Dynamic graphs allow for studying of how relationships form and change over time. Although they have many applications, there are no readily available tools and systems enabling their application. Raphtory is a new distributed system that enables dynamic graph analysis starting from very large real-time datasets. This project will improve the functionality and usability of Raphtory so that it can be readily usable by domain-specific researchers. The project will develop a set of use cases for dynamic graphs, starting with urban analytics for mobility incentives.
Explaining the science
A graph models information as a set of nodes that can be connected by edges. A temporal graph extends this idea by adding a temporal dimension: by recording at what point in time these elements were created, changed or disappeared from the network.
This novel form of analysis can extract new insights from existing data by looking at the dynamic changes on data relationships over time. For example, a typical graph analysis question might use the PageRank algorithm to work out which nodes in a network are the most important. A temporal version of PageRank allows us to investigate which nodes are rising in importance over a variety of timescales (e.g. days, weeks).
Raphtory is a distributed system that takes any source of data (either previously stored, or a real time stream), and creates a dynamic graph that is partitioned over multiple machines. In addition to maintaining this model, graph analysis functions can be defined that will be executed across the cluster nodes, and will have access to the full history of a graph. Raphtory is designed with extensibility in mind; new types of data, as well as new analysis algorithms can be added to the base project, in order to support additional use cases.
The project will develop the existing Raphtory software prototype into a system usable by the wide community of data science researchers.

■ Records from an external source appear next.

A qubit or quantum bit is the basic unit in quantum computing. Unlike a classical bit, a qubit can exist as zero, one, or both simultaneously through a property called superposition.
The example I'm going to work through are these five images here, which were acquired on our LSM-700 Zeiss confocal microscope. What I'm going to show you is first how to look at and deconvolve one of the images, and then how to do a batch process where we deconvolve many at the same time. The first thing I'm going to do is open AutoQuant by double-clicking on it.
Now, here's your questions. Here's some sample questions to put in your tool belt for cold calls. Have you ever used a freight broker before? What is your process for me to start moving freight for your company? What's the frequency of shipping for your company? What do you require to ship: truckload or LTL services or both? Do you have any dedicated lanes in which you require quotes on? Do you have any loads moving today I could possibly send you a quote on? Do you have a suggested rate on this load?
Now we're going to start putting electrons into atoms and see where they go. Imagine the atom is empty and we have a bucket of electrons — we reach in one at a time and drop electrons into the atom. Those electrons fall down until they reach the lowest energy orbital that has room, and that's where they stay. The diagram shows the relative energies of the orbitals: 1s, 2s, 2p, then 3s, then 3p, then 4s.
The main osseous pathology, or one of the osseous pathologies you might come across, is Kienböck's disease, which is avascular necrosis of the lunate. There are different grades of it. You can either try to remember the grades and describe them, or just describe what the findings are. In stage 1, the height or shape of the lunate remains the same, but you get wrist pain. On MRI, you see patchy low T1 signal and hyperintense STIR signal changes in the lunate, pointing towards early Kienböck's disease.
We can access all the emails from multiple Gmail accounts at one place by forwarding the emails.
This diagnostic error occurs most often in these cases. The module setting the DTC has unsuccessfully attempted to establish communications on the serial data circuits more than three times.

The project will collaborate with other existing projects from multiple domains of the Turing and define novel applications of temporal graph analysis that can extract new insight about the dynamics of these environments.

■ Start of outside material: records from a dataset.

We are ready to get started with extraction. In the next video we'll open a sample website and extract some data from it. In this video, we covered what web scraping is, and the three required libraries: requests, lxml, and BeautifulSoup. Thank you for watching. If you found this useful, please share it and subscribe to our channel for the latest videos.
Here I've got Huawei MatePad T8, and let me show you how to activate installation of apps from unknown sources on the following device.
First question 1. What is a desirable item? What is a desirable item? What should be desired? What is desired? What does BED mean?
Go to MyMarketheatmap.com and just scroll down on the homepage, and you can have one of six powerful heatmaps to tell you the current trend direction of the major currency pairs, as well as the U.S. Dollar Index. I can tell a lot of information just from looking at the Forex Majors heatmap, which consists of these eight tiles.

The development of Raphtory will be guided by use cases. Raphtory's functionality will be improved to better support the types of computation required by these scenarios. The documentation and usability of the tool will also be improved so that it is readily accessible to researchers from different domains.

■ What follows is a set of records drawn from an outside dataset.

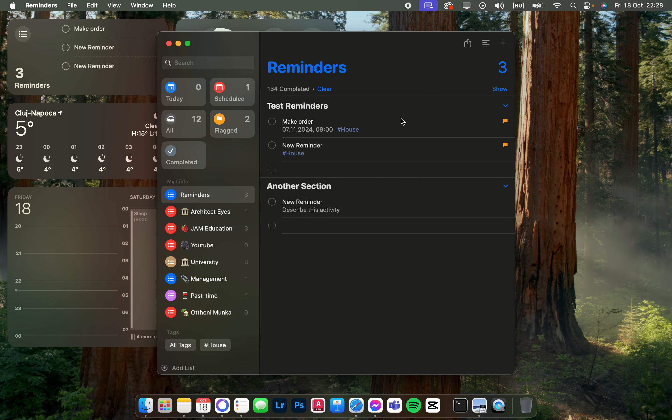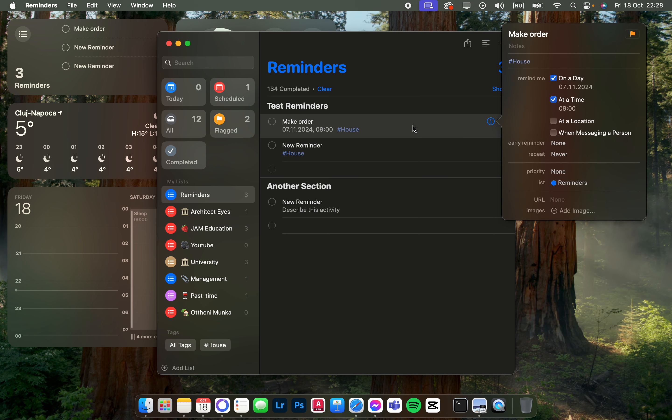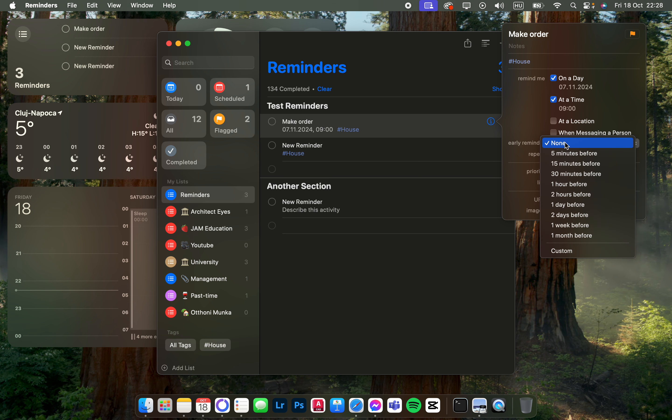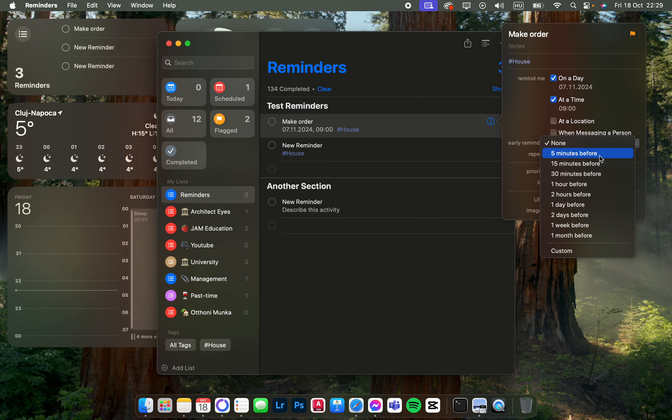From here, we just click on the reminder that we want to edit, double-click, and then here we have early reminder. Here we can set a time for how much before we have to do this task we want to be reminded of the task.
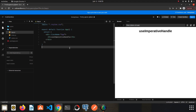In this video I will talk about the useImperativeHandle hook. To use this hook we need to know the useRef hook — if you don't, there is a video about useRef on my channel you can watch first. Let's talk about what the useImperativeHandle hook does.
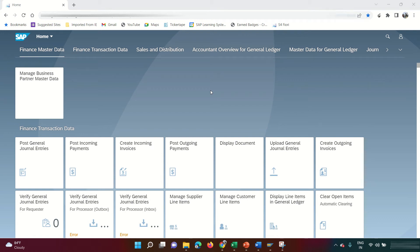Hello everyone, Debit Credit Nation brings you another SAP FICO tutorial video — this time a very important one: FI-MM integration, or the Procure-to-Pay cycle. Whenever a FICO consultant is interviewed, whether with four years or ten years of experience, the interviewer will mostly ask about FI-MM integration points.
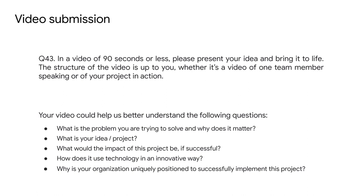The last major part of the application is a video submission. In 90 seconds, we hope you can present your idea and bring it to life. The structure of the video is up to you and should answer the following questions: What problem are you trying to solve and why does it matter? What is your proposed solution? What would the impact of your project be? How do you apply technology in an innovative way? And why is your organization uniquely positioned to successfully implement your proposal? We love watching the videos as we'll be able to see the passion you have for your project, and the video is truly a combination of all the criteria we're evaluating.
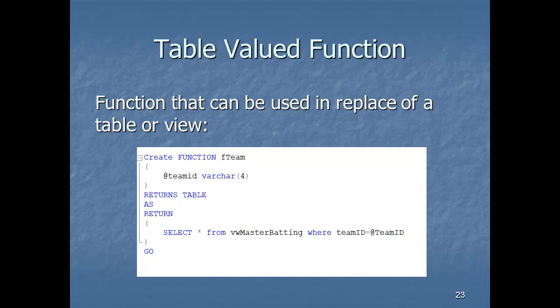Let's look at an example of a table function. Its purpose is to return an entire table, and the function becomes the table in the SELECT. The code says: CREATE FUNCTION fteam, with parameter @teamID VARCHAR(4). It returns a table — specifically the result of SELECT * FROM vw_MasterBatting WHERE teamID = @teamID. When calling it, you replace the table name in FROM with the function.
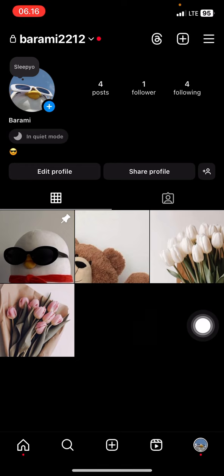So that's the way guys how you can add a note to your profile. Hopefully you enjoyed this video and let's meet again in another tutorial.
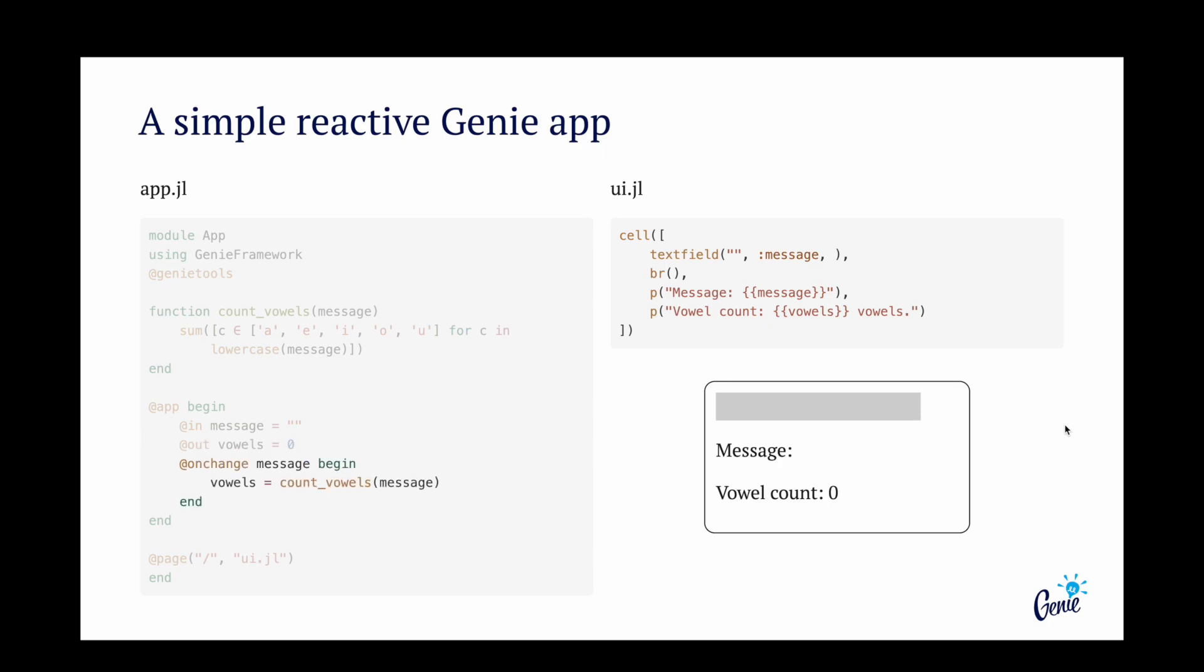Next, we add a reactive handler with the onChange macro. This handler watches the message reactive variable, and when its value changes, a block of code is executed. In this case, it is the vowel counter function that is executed every time a new letter is typed into the box, and the vowel number is automatically updated on the UI.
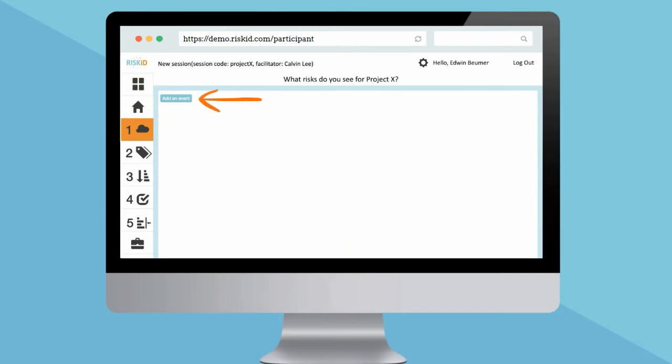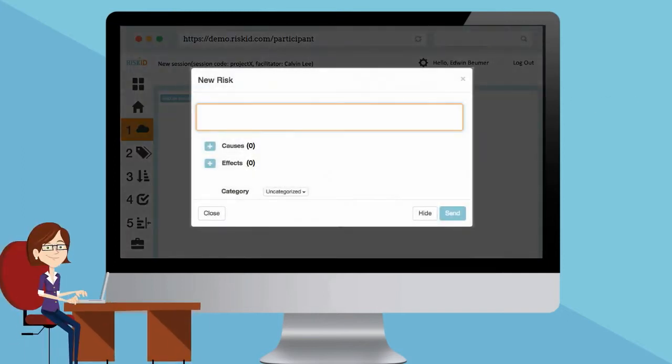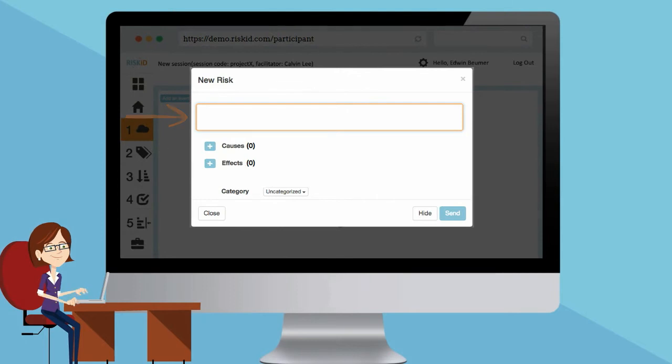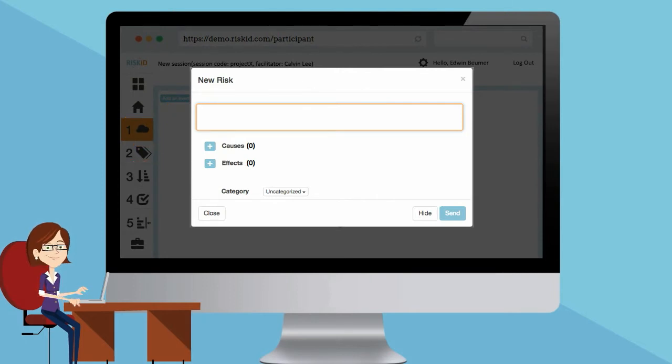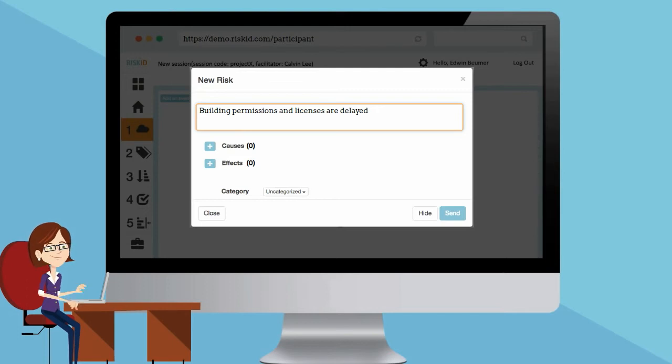First, click on this button to add a risk. Once you have formulated a risk, you can add possible causes and effects. For example, what risks do you see for Project X? A possible risk may be building permissions and licenses are delayed.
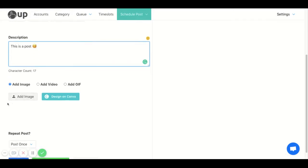And then down here you can add an image, or you can design an image on Canva, and it will be directly imported onto your posts.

At the end of the project the aim is to create a community within the Turing of dynamic graph practitioners and users and contributors to Raphtory.
The urban analytics domain is the first target use case for Raphtory. In collaboration with the 'New data forms for transport policies' project, user mobility information regarding their commuting trips as temporal links will be modelled over a dynamic graph, to study changes in behaviour, and abnormal 'routes' chosen by users which might lead to further understanding of the effectiveness of public transport policies.
Additional applications will be explored during the project.